November 4, 2008

Free markets fail

By admin

Duncan Cameron of rabble.ca discusses in this article how the free market has, and continues to, fail us.

I copied the following:

… price setting is not politically neutral after all. The market does not abolish power relationships: it facilitates the accumulation of market power in fewer and fewer corporate hands. The accumulation of economic power leads straight to the concentration of political power and allows corporate executives to increase their take of what we all produce, while reducing the share anybody else gets.

Contrary to market dogma, governments do not fail, they are the main instrument for deciding who gets what, and corporations have invested continuously to achieve political power commensurate with private economic wealth.

It is still widely assumed that private investment in corporate stocks and bonds outperforms public investments in non-military government services. It is thought wiser for you to put your money in Coca-Cola than in public health insurance, not only because you might not get sick, and could well make a financial gains, but because the market rate of return always outshines iffy public investment spending on health, reduction of child poverty, recreation or the arts.
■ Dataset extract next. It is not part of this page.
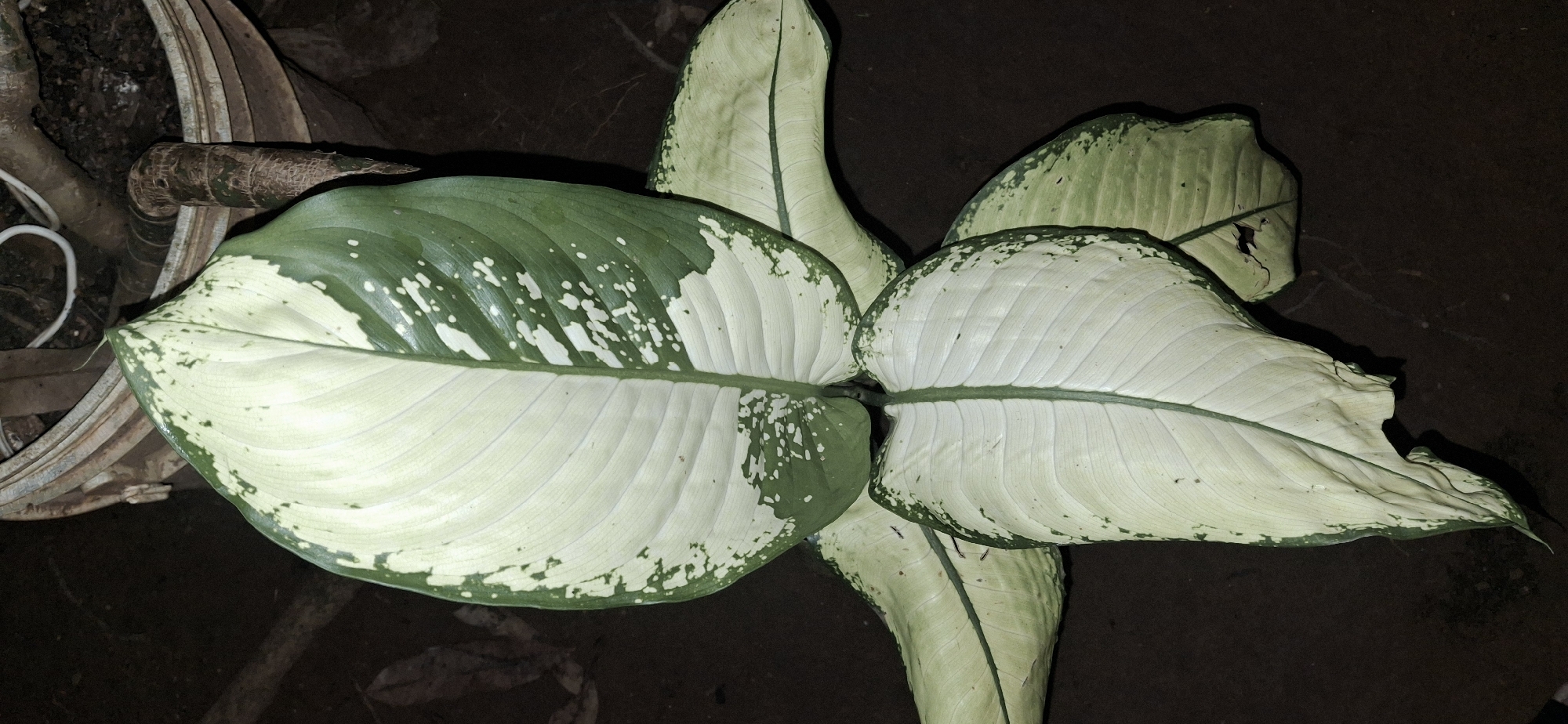 A close-up, top-down shot focuses on the variegated leaves of a Dieffenbachia plant, commonly known as Dumb Cane. The leaves are predominantly white with striking green margins and irregular splotches of green across their surface. Prominent parallel veins run the length of each leaf, dividing the white and green sections. The plant appears to be in a pot, indicated by a rustic, possibly ceramic, rim visible in the upper right corner. The background is dark and indistinct, suggesting an outdoor setting in low light conditions, possibly a garden or patio. The overall impression is of a healthy, vibrant houseplant. The image's context of Vallecito, Venezuela, implies it was taken within this geographical location.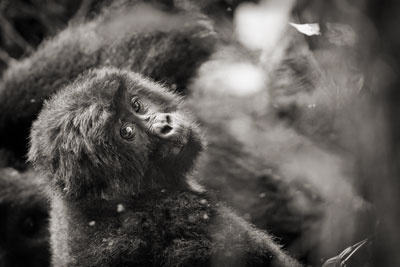 photo de gorille gorille_MG_3955_v.jpg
The reality is otherwise. In most of the world people do not have any funds to invest as individuals, while people have basic human needs for food, shelter and water that go unmet. Societies fare poorly when illiteracy is widespread, poor health prevails, and social inequalities are widespread. Despite the market works best rhetoric, allowing corporations to control investments in education, healthcare and other basic public services is expensive and inefficient compared to public investment and delivery of services, as comparisons of the two models (say Norway with the U.S.) shows.

Market rate of return is not up to measuring human well-being, and quality of life. As the world economic crisis deepens, rather than continuing to speculate about how to maximize rates of market return, financial market participants are now more concerned about the return of their funds: the money that was entrusted to the care of the market. The neoliberal world may never be the same.